Please copy out the full listing that follows exactly; no picture belongs in the copy.
### SOURCE DATA
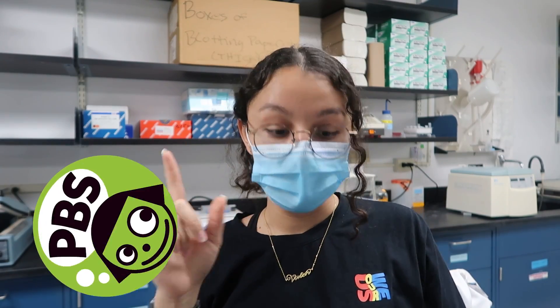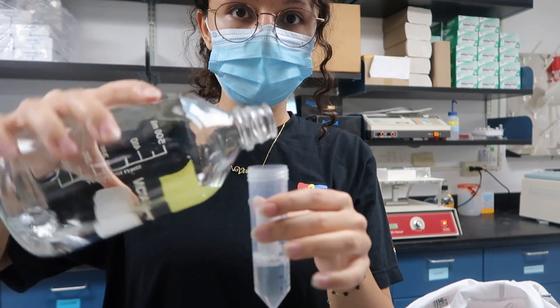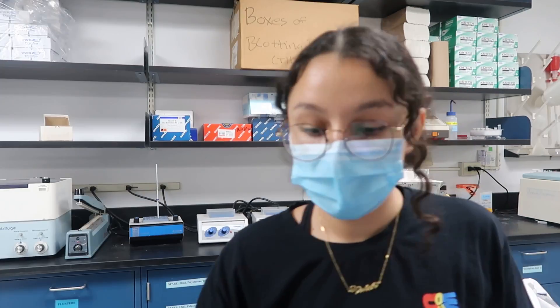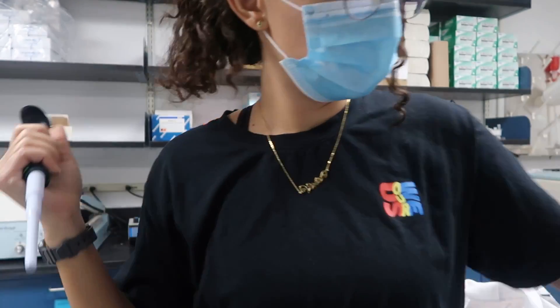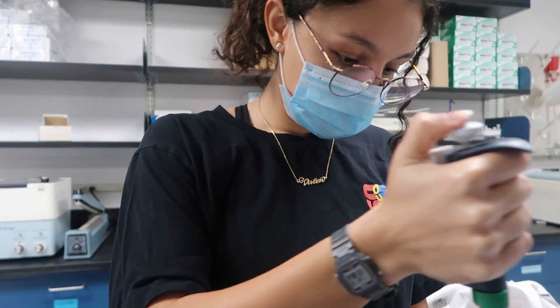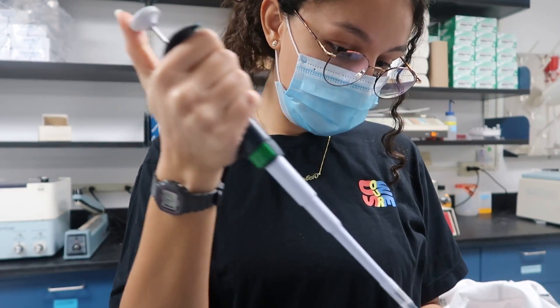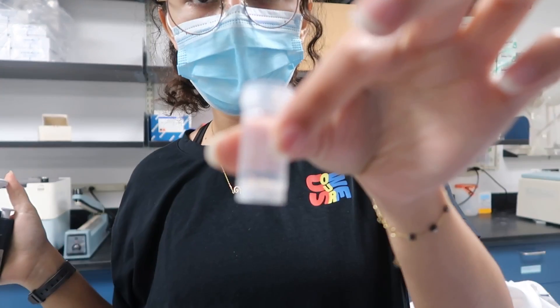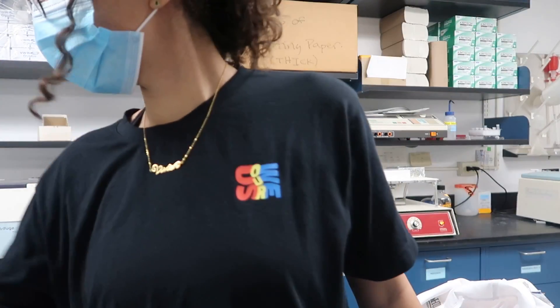So now I'm going to put 2,000 of PBS. I'm going to use a new pipette tip because I'm not trying to contaminate my PBS. And now 1,000... 2,000. Yay! Now I have 5% normal donkey serum. I'm going to throw away this old one — yeet.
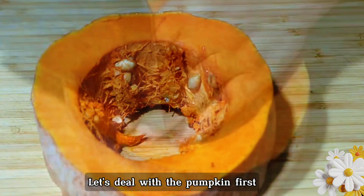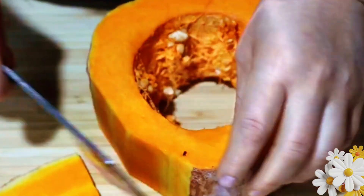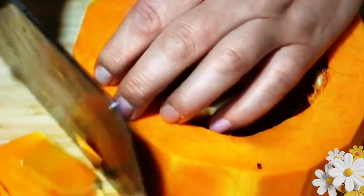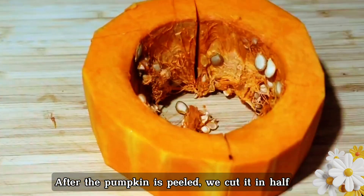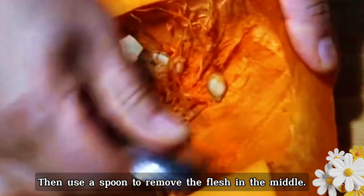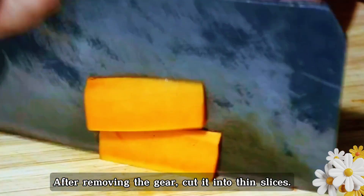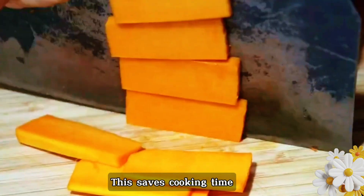Let's deal with the pumpkin first. Peel off the skin of the pumpkin, then after it's peeled, cut it in half. Use a spoon to remove the flesh in the middle, then cut it into thin slices. Cut as thin as possible — this saves cooking time.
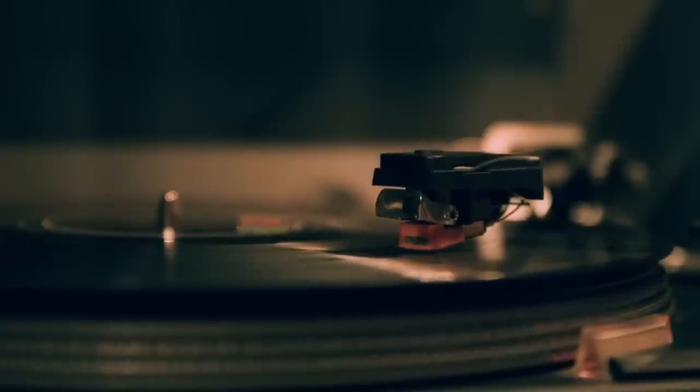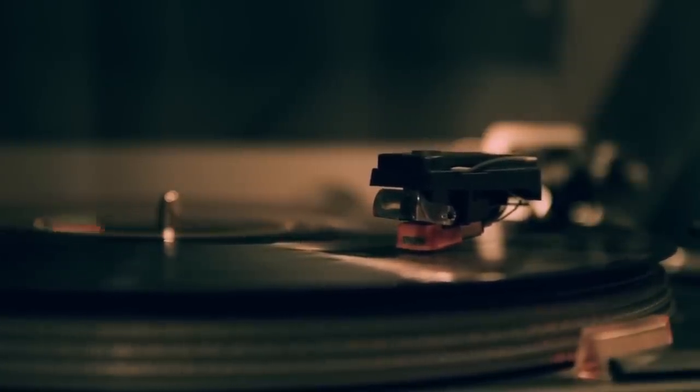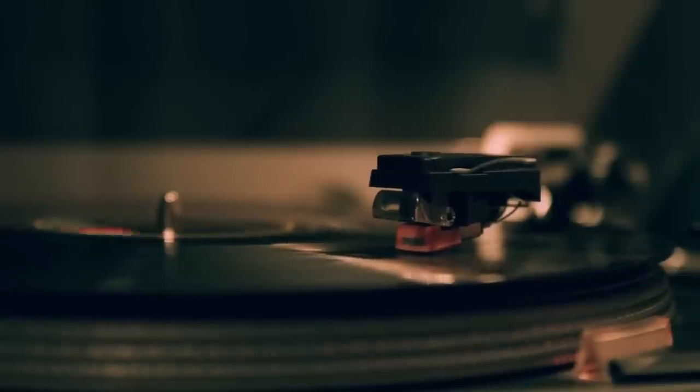But just getting into it — you've got a record player, you've got something to play your record player through. The basics: get a good record cleaning brush and a good stylus cleaner. All right, 33ers, those are my thoughts. What do you think? What are the bare essentials — what are the two accessories any new record collector should get? Let me know in the comments below. If you dug today's episode, I'd appreciate a quick thumbs up. Until next time, dear 33ers, keep on spinning.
######
TASK OUTPUT
So now I'm going to put 2,000 of PBS. I'm going to use a new pipette tip because I'm not trying to contaminate my PBS. And now 1,000... 2,000. Yay! Now I have 5% normal donkey serum. I'm going to throw away this old one — yeet.
Let's deal with the pumpkin first. Peel off the skin of the pumpkin, then after it's peeled, cut it in half. Use a spoon to remove the flesh in the middle, then cut it into thin slices. Cut as thin as possible — this saves cooking time.
But just getting into it — you've got a record player, you've got something to play your record player through. The basics: get a good record cleaning brush and a good stylus cleaner. All right, 33ers, those are my thoughts. What do you think? What are the bare essentials — what are the two accessories any new record collector should get? Let me know in the comments below. If you dug today's episode, I'd appreciate a quick thumbs up. Until next time, dear 33ers, keep on spinning.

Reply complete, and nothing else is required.